Finding out whether you’re being threatened or scammed is typically noted by reading the email, and making sure of it yourself. While you should always check an email address in an email you’re dubious of, if something seems less like a scam and a more legitimate message, so to speak, look for obvious links for you to click if it’s a scam, and threatening language if it’s a threat.
Messages can have both — scam and threat — and if you’re being threatened, there are things you can do.
What should you do if you’re being threatened?
Believe it or not, there are deranged idiots in this world who see it as their right to try to threaten people for gain. It might come down to emotional blackmail, an attempt at financial superiority, long-winded ego, or they just might not be the brightest — it could even be a mixture of all of them, plus a few other reasons we’ve not mentioned.

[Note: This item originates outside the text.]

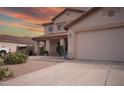 Charming two-story home with a well-maintained front yard and a three-car garage at 2073 E Wildhorse Dr, Chandler, AZ 85286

When you receive a threat, There are things you can do, though responding isn’t really one of them.
“If you receive an email or SMS that seems threatening or makes you feel unsafe, do not reply to the communication,” said Trend Micro’s Tim Falinski.
“While it can be tempting to respond to get more information or refuse to cooperate, this only gives the cybercriminal more ammunition to ramp up their intimidation tactics and lets them know they’ve gotten under your skin,” he said.
“It’s also important to alert official organisations about these threats and make sure you have photos or screenshots of the communication. This includes reporting them to the ACCC via ScamWatch, as well as contacting the police – especially if the threat puts you or your family in a potentially dangerous situation.”
Emails and messages may come through in a variety of ways, and you may not be able to use some of the same investigation methods used on scam messages, such as checking the email address field to find who sent them. While rare but not entirely unheard of, if someone is looking to be nefarious or suspect, they may use one of the few disposable and anonymous email services to deliver the message, making a threat look that much more aggressive.
It’s when these messages become more threatening that you may want to turn to someone to help out.
Simply put, threatening emails and messages have a place, and if you’re concerned about your safety, that place is typically an investigation by the police. Communications laws give police the ability to act in such circumstances, while filing a report provides something useful in case something happens: a paper trail.
Paper trails are important because they provide a history of what has happened, and a way for you to assert that you have done the right thing by allowing the police to investigate the threat for what it is, particularly if there’s a risk to your life or livelihood. In fact, that paper trail may end up being more than what the police file, with proof of how a criminal is or has been threatening you over platforms, something which can later prove useful for the police.
“If you receive a threat, whether that be over the phone or via SMS or email, first take a second to step back from the situation and think about how legitimate it may be,” said Alex Merton-McCann, Cybermum for McAfee and one of Australia’s Online Consumer Safety Advocates.
“Threats are designed to incite panic and immediate action, as the recipient is scared into wanting to resolve the issue as quickly as possible, which always involves sharing personal details or paying a sum.”
“Never respond to the messages, give away credit card information or click on links shared – taking these actions will only escalate this issue. And if you are ever concerned for your safety, always contact the police straight away,” she said. “Keeping a ‘paper trail’ such as screenshots of the messages you received or phone numbers that have contacted you can be super helpful for the authorities in getting to the bottom of the threat or scam.”